The data Start Marker
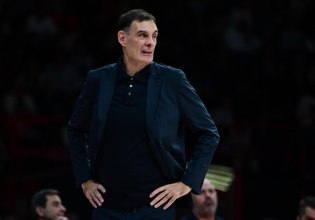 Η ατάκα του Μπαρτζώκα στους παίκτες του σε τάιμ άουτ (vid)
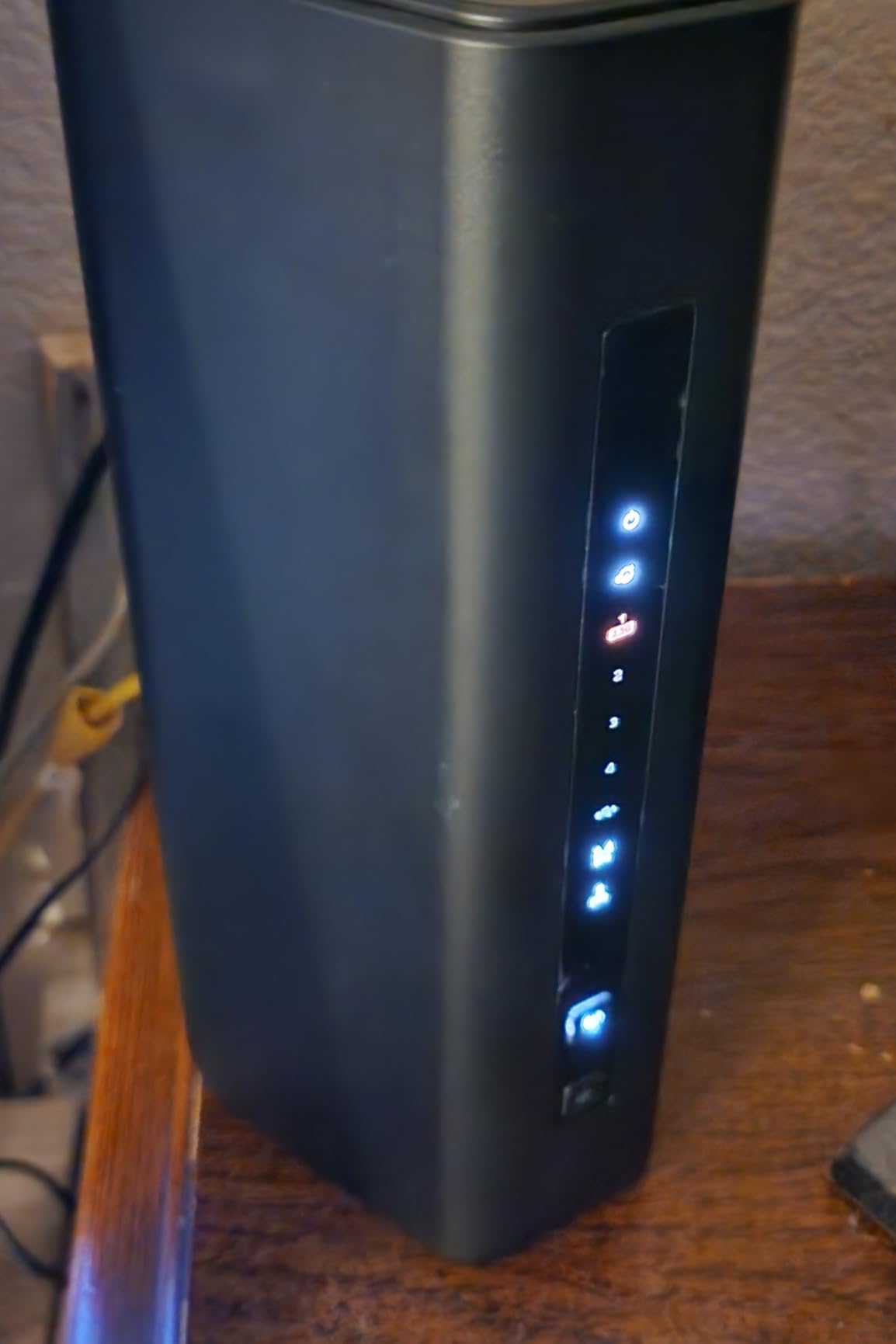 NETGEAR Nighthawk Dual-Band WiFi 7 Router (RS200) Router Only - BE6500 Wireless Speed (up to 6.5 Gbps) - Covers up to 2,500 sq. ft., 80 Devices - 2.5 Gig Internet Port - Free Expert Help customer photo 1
The data End Marker
The data Start Marker
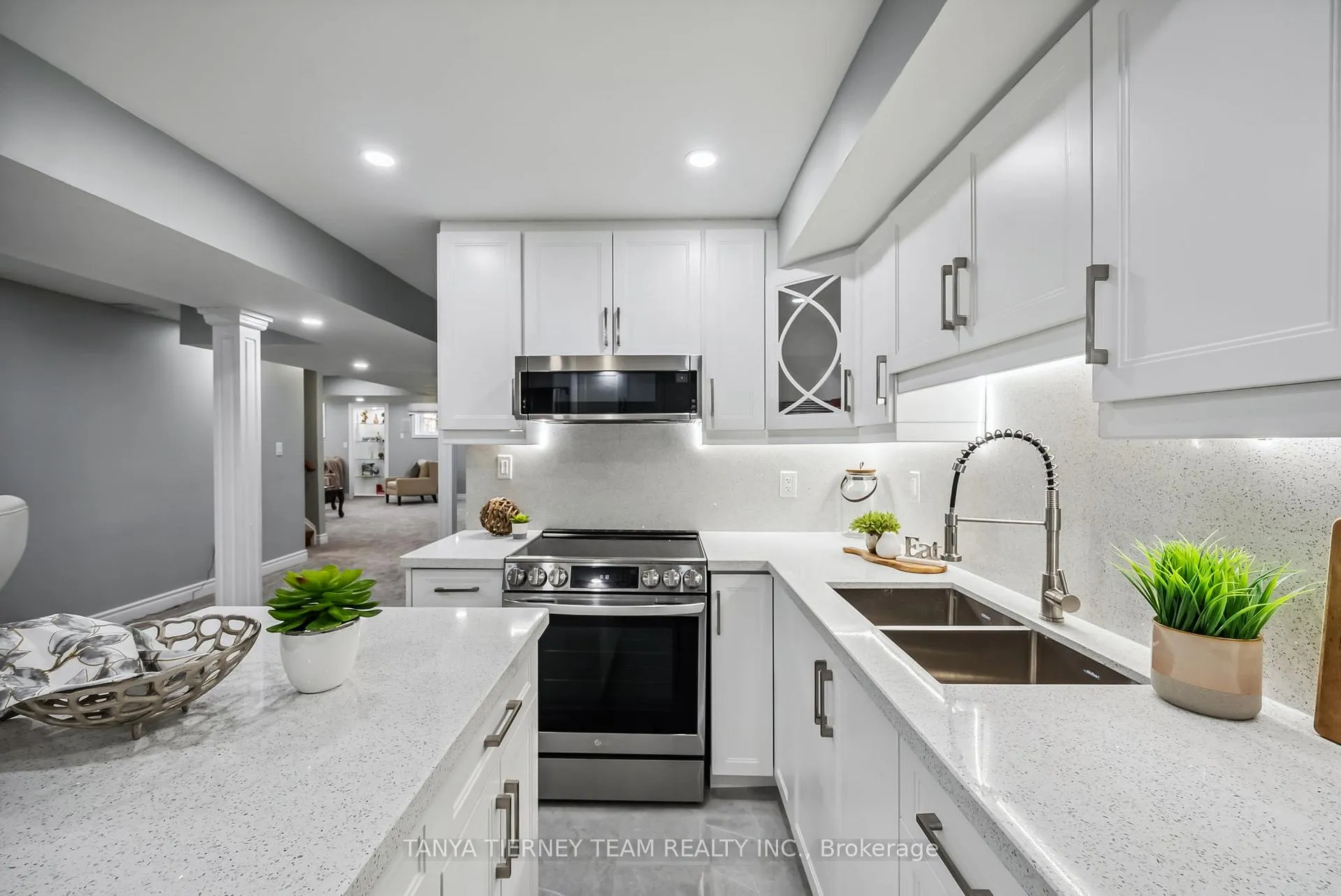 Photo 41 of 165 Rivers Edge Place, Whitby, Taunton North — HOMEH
The data End Marker
The data Start Marker
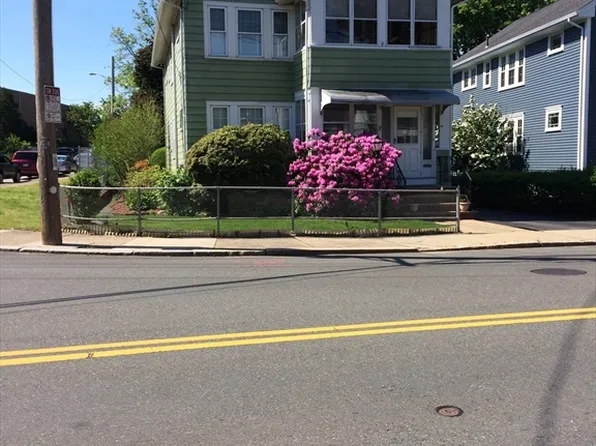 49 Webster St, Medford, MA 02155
The data End Marker
▶ **What to do**
Beginning with the line that contains "Η ατάκα του" and ending with the line that contains "NETGEAR Nighthawk Dual-Band", reproduce the listing exactly, pictures excluded.

▶ **Solution below**
 Η ατάκα του Μπαρτζώκα στους παίκτες του σε τάιμ άουτ (vid)
 NETGEAR Nighthawk Dual-Band WiFi 7 Router (RS200) Router Only - BE6500 Wireless Speed (up to 6.5 Gbps) - Covers up to 2,500 sq. ft., 80 Devices - 2.5 Gig Internet Port - Free Expert Help customer photo 1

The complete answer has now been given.